Saturday, March 07, 2009

So it begins


So it begins
Originally uploaded by thegrue76
About the hardest thing for me lately is to differentiate between a good idea and a bad idea. When it comes to design, at least. I still recognize that heat is a good idea if one wishes to stay warm but that doesn't mean one should go shoving one's arse in the furnace. Bad idea.

It's one of the reasons why my writing died though I imagine it's also one of the reasons why I feel I can still have a go at this whole visual arts thing; if I can't tell whether or not what I produce is worth producing, I feel like I ought to be less inclined to produce anything at all, seeing as I feel like I've reached the point when I really ought to have figured that sort of thing out. But at least with design-related stuff I can fall back on the whole "newbie" thing, and take comfort in the face that some of my seemingly best ideas have been the ones I've initially ignored as they found root in tossed-off things I felt could have had no intrinsic value. Being tossed-off, as they were.

It's been weird--and it's been weird realizing how weird it is to have to realize this sort of thing--realizing how much beauty there is in irregularity and impurity. The ragged edge is sometimes better than the perfect circle under the influence of the right context.

From another angle: learning to let go has been great for my design efforts though it's been absolutely shit for my writing. A good plan, I've learned, can only take you to the end of the planning itself: what lies on the other side is up in the air. With design I feel like I might be able to wring gold out of an ignorance of direction; with writing, ignoring the initial quality of the work only got me more work of the same quality. I gave myself permission to draft, but never much more than that.

At least with this other set of pursuits a big blank stretch of white seems to hold more possibilities, less of more of the same.

In other words: there's nihilism, and there's figuring your shit out. And a lot of blurry, beautiful lines in the middle.

Thursday, March 05, 2009

So, that Never Let Me Go film adapatation? It's going to star Keira Knightley. As I said on Twitter, so I'll say here: at least she's bringing the "pretty" into "pretty horrible adaptation."

Tuesday, March 03, 2009

On a happier note: we may soon learn about a new novel by Laird Hunt, who rules, and who still has a couple other books out I've yet to read (for shame, for shame).

Monday, March 02, 2009

Via basically everybody, there's a lengthy essay about David Foster Wallace at The New Yorker. What little I read is about his final unfinished novel, The Pale King, of which you can read a lengthy excerpt.

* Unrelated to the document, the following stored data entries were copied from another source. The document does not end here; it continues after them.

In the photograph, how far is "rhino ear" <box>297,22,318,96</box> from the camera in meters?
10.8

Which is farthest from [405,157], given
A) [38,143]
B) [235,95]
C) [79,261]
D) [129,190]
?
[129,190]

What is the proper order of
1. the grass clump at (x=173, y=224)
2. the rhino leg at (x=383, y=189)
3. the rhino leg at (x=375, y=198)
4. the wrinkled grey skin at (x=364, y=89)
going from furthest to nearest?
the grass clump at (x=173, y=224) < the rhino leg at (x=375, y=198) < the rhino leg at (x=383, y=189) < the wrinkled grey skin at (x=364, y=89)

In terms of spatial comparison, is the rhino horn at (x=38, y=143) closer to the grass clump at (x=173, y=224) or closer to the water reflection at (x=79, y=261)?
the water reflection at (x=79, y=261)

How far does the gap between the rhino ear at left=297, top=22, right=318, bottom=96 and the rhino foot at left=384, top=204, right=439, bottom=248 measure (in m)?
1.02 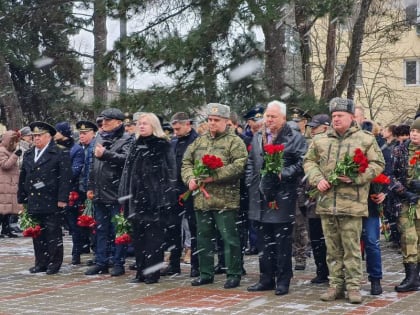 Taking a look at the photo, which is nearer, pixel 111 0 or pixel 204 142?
pixel 204 142

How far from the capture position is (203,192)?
31.7ft

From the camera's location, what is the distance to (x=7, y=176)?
16.1 metres

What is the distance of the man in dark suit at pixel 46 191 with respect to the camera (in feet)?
36.0

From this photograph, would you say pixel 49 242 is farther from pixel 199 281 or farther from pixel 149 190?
pixel 199 281

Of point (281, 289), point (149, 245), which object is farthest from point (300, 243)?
point (149, 245)

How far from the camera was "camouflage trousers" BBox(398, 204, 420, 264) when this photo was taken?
9.14 metres

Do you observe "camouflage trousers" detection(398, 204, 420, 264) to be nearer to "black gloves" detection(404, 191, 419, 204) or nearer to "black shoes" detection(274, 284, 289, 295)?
"black gloves" detection(404, 191, 419, 204)

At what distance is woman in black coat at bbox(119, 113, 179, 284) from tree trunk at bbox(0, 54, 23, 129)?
1668 centimetres

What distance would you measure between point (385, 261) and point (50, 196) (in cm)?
482

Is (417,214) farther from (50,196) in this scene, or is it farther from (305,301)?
(50,196)

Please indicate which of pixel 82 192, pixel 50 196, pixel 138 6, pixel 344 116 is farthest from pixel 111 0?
pixel 344 116

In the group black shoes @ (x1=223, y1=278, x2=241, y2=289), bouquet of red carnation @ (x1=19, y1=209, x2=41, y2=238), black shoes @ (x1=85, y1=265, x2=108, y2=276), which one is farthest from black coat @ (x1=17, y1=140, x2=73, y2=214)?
black shoes @ (x1=223, y1=278, x2=241, y2=289)

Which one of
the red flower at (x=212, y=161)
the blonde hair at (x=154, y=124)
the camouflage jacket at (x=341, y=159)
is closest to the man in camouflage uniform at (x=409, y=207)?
the camouflage jacket at (x=341, y=159)

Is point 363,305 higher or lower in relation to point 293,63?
lower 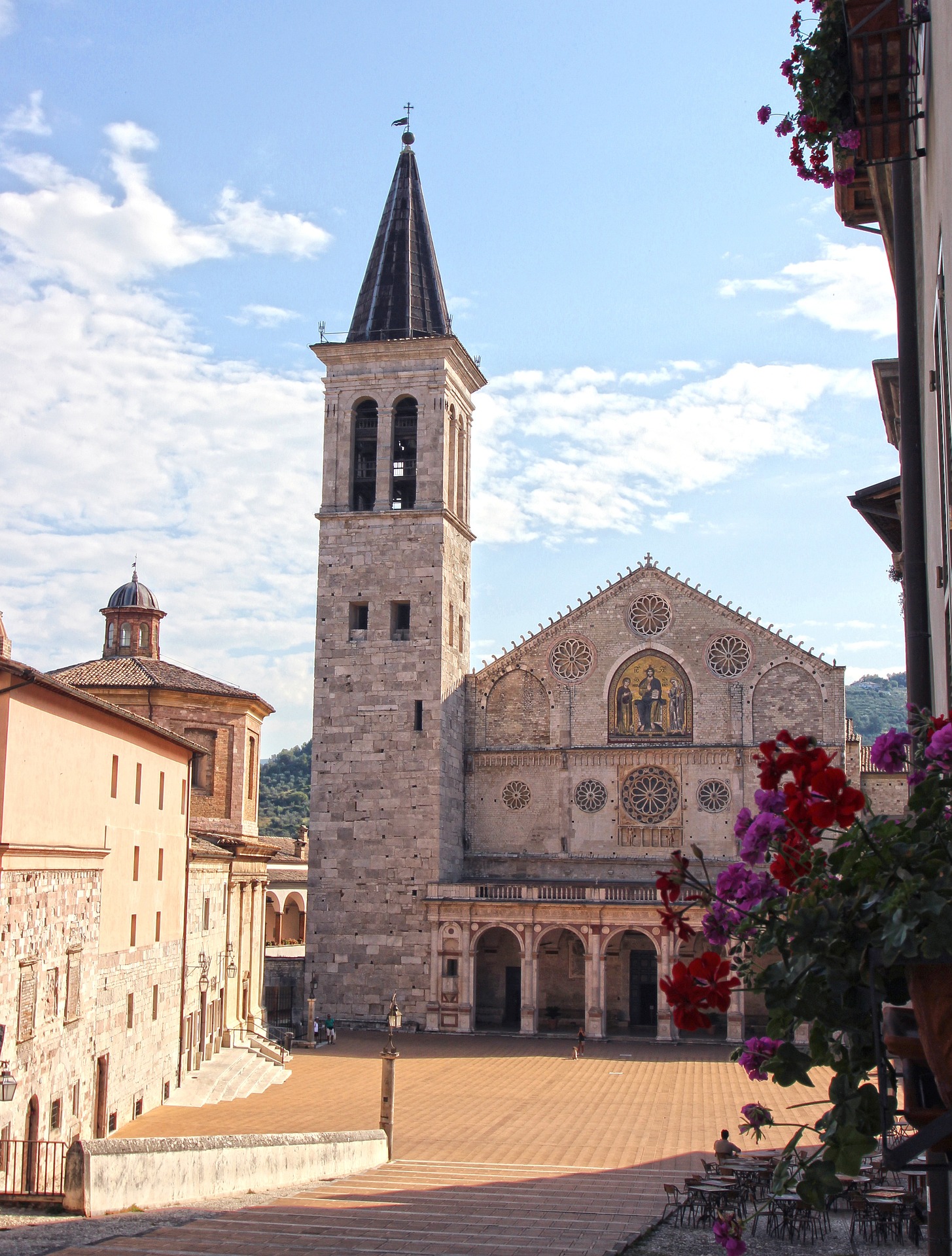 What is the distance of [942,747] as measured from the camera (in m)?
3.88

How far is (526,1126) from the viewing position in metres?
26.4

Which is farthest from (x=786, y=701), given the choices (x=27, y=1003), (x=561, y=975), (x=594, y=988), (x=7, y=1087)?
(x=7, y=1087)

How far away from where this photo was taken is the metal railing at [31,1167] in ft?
56.3

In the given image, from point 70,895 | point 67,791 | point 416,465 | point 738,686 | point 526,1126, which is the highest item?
point 416,465

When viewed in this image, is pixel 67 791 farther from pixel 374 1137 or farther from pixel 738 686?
pixel 738 686

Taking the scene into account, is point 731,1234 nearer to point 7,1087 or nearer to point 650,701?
point 7,1087

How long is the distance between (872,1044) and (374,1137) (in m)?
20.9

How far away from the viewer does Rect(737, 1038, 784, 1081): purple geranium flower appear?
13.7 feet

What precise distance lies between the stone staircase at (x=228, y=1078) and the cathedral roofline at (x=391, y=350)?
936 inches

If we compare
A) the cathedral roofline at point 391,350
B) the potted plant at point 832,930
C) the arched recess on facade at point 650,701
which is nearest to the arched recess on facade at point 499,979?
the arched recess on facade at point 650,701

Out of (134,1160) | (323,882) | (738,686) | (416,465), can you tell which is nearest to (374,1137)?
(134,1160)

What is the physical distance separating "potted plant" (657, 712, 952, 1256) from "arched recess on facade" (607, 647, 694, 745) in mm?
Answer: 39995

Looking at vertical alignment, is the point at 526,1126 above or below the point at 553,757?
Answer: below

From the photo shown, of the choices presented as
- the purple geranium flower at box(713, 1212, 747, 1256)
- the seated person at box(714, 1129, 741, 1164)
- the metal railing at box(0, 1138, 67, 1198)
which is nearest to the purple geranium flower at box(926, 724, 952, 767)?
the purple geranium flower at box(713, 1212, 747, 1256) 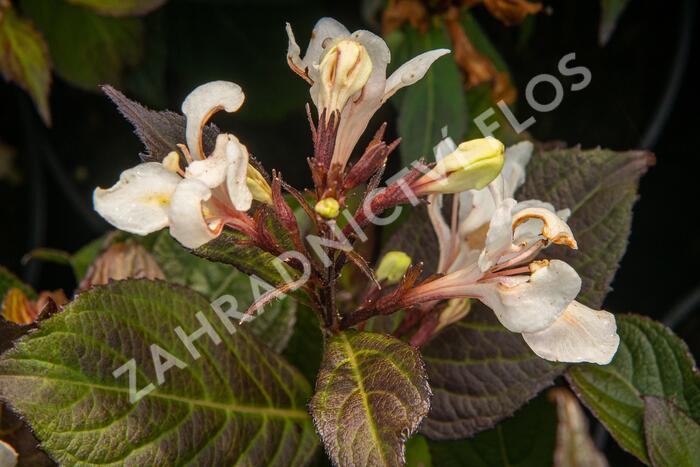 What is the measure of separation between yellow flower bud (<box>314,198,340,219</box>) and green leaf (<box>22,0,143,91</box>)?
0.61 meters

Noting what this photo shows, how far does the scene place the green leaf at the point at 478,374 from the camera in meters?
0.51

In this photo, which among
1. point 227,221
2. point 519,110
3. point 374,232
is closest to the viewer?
point 227,221

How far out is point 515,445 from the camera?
60 cm

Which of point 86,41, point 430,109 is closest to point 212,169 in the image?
point 430,109

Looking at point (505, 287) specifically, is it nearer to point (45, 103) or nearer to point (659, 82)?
point (45, 103)

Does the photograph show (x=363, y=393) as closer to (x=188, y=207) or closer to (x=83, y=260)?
(x=188, y=207)

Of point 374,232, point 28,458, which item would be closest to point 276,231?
point 28,458

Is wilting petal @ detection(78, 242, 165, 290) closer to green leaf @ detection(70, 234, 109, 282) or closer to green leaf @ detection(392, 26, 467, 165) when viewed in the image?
green leaf @ detection(70, 234, 109, 282)

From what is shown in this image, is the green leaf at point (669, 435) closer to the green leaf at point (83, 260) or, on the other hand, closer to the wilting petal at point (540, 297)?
the wilting petal at point (540, 297)

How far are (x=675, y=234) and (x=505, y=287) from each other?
0.83 meters

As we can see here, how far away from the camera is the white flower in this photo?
370 mm

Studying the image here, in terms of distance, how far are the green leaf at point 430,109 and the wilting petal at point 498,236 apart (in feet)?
1.22

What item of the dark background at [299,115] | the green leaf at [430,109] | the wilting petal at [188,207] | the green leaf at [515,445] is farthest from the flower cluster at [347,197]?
the dark background at [299,115]

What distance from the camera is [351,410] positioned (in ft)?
1.28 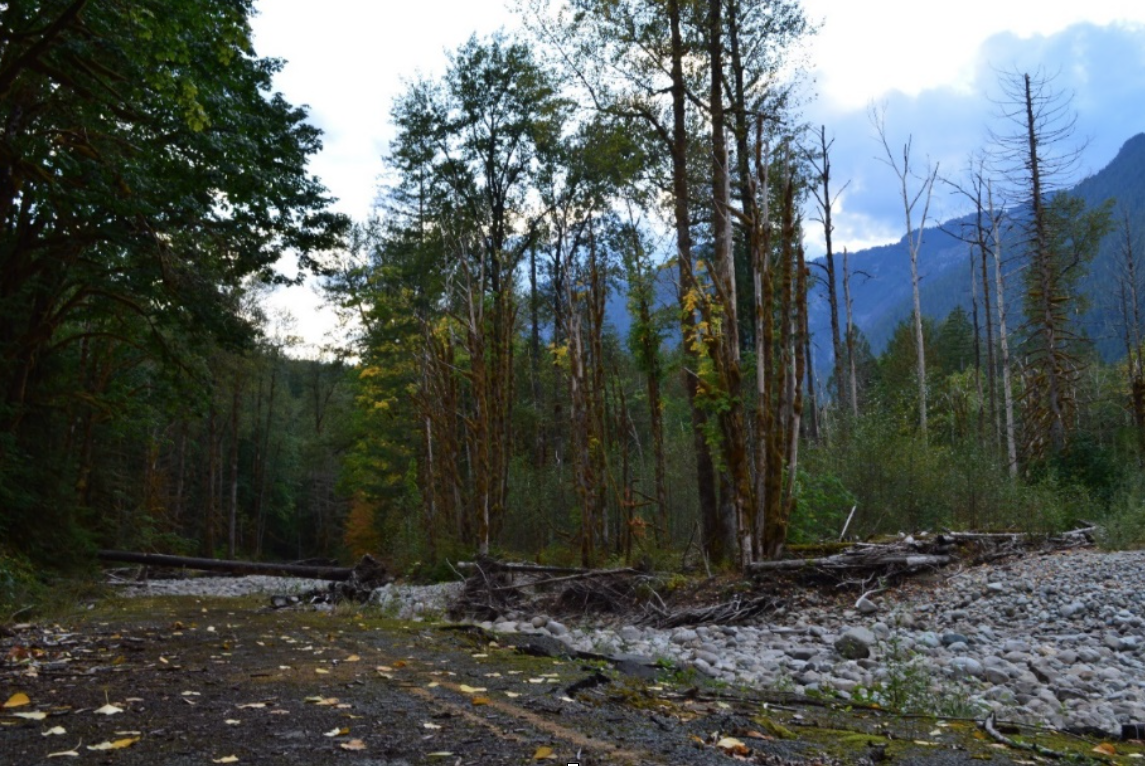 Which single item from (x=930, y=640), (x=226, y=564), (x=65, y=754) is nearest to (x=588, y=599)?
(x=930, y=640)

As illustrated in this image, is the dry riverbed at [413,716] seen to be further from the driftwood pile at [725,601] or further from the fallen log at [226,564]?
the fallen log at [226,564]

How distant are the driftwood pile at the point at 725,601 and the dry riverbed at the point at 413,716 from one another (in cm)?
Answer: 324

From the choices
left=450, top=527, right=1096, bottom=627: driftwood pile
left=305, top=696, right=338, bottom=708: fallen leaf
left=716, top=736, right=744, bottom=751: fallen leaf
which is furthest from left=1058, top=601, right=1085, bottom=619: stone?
left=305, top=696, right=338, bottom=708: fallen leaf

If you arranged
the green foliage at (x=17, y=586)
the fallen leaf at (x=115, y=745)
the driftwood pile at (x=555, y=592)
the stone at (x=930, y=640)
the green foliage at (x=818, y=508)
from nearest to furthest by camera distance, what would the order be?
1. the fallen leaf at (x=115, y=745)
2. the stone at (x=930, y=640)
3. the green foliage at (x=17, y=586)
4. the driftwood pile at (x=555, y=592)
5. the green foliage at (x=818, y=508)

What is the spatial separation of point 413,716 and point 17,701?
2.06 metres

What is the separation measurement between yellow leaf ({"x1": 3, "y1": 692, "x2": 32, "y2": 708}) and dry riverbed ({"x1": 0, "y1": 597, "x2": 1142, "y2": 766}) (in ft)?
0.05

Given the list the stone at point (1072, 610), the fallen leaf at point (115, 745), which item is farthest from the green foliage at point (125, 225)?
the stone at point (1072, 610)

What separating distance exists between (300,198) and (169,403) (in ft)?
18.2

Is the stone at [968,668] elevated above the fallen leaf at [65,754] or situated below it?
below

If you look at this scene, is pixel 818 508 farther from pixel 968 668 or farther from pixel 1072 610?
pixel 968 668

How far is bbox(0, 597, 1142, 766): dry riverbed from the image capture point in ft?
10.9

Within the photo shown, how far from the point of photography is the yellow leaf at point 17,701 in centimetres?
404

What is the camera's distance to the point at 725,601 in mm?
9211

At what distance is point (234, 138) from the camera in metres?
12.4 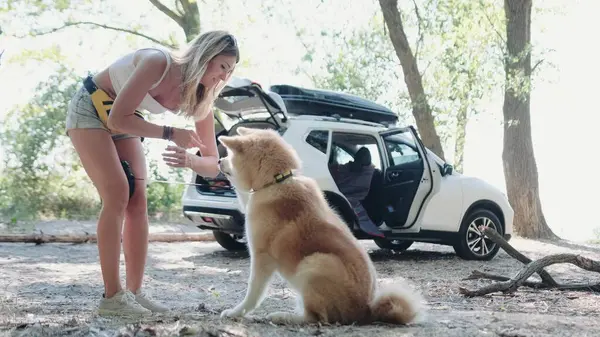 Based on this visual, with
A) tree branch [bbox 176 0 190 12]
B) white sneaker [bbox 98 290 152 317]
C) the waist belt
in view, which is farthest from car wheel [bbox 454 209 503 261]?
tree branch [bbox 176 0 190 12]

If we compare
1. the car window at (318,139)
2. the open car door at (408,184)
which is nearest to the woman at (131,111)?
the car window at (318,139)

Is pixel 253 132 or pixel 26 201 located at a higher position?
pixel 253 132

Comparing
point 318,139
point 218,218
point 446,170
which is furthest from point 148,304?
point 446,170

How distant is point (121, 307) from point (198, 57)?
1.55 metres

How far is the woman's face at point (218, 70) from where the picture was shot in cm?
367

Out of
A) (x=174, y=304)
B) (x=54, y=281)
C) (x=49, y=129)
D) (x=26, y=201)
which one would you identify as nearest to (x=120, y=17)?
(x=49, y=129)

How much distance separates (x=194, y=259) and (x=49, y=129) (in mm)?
7556

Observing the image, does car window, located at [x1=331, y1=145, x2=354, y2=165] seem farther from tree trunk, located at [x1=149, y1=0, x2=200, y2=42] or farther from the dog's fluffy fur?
tree trunk, located at [x1=149, y1=0, x2=200, y2=42]

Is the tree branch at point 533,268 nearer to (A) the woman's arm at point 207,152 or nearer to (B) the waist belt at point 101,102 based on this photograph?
(A) the woman's arm at point 207,152

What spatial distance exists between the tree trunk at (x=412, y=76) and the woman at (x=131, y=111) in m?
10.6

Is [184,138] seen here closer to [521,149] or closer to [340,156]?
[340,156]

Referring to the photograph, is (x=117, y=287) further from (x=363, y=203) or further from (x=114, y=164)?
(x=363, y=203)

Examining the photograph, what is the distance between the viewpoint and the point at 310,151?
314 inches

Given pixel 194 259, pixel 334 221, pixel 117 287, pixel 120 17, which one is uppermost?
pixel 120 17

I have not read the excerpt, nor do I expect I will be able to any time soon. They're publishing it next year, I guess, but I probably won't be able to read it then, either. (I suppose the most surprising thing is finding out after learning about this stuff today just how raw the wound still is. Of how much there is to be said and how better it is not to say it.)
"Goatwriter sat at the writing bureau with a fresh sheet of paper, and for a moment the page is perfect."

- from Number9Dream by David Mitchell


My pages, these days, are all quite perfect.